La fine è nota: Pintacuda, cacciato da Sorge dall’Istituto Arrupe nel settembre del terribile 1992, si fa ideologo della Rete ma poco dopo rompe anche con Orlando, per ragioni che neanche questo libro chiarisce, dando eco alla voce secondo la quale il gesuita chiedesse un ruolo nella macchina comunale che l’ex allievo rieletto sindaco a furor di popolo non era disposto a concedergli. Ma è un’ipotesi che non basta a spiegare un big bang innescato da incomprensioni, diffidenze, gelosie, risentimenti covati nel connubio fra due ego ugualmente voluminosi, o forse dalla psicoanalitica “uccisione del padre” da parte del giovane diventato adulto. L’ultima stagione di Pintacuda, salito a bordo del taxi del centrodestra che lo porta sulla poltrona di presidente dell’ente regionale Cerisdi, vede il gesuita di Prizzi disegnare dal Castello Utveggio futuribili scenari euromediterranei, come sempre al confine fra utopia e potere. Fino alla repentina morte, nel 2005, nel grande freddo dei suoi vecchi compagni di strada che non gli avevano perdonato di aver saltato il fosso in un’Italia in cui il bipolarismo si era trasfigurato in guerra di religione. 

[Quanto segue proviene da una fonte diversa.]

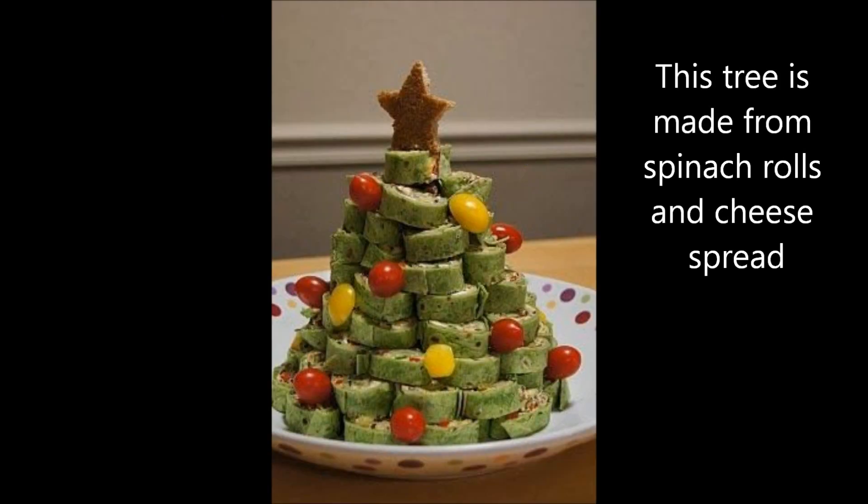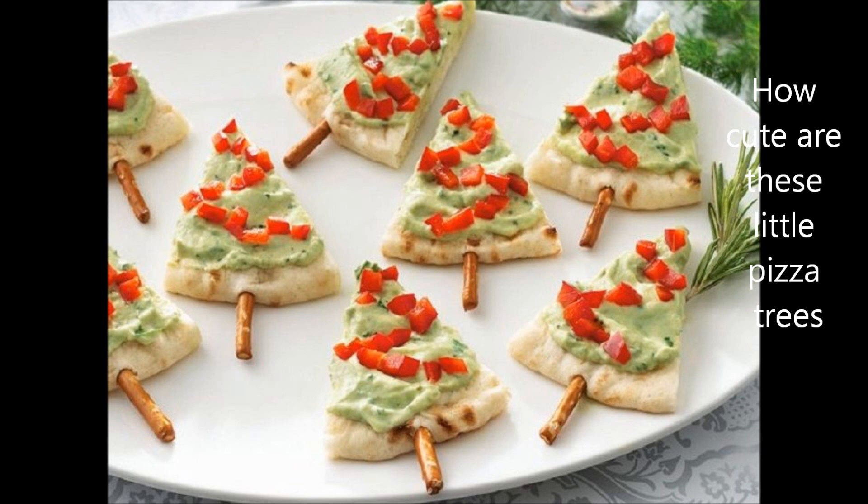Jingle bells, jingle bells, jingle all the way. Oh, what fun it is to ride in a one horse open sleigh.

Un vincitore sconfitto, come a suo modo anche Sorge, che sino alla fine dei suoi giorni sarà voce nel deserto di una politica sempre più lontana dai valori cristiani, e spesso dai valoritout court. 

Sullo sfondo, una città e un sindaco che, nella severa disamina di Toro e Vara, hanno archiviato, insieme con i furori, anche la speranza della redenzione. E che guardano alla Primavera coniugando i verbi al passato remoto, raccontando e fantasticando, ricordando e commuovendosi, come si addice a ogni epopea gloriosa, lasciata in eredità alla storia e ai suoi narratori.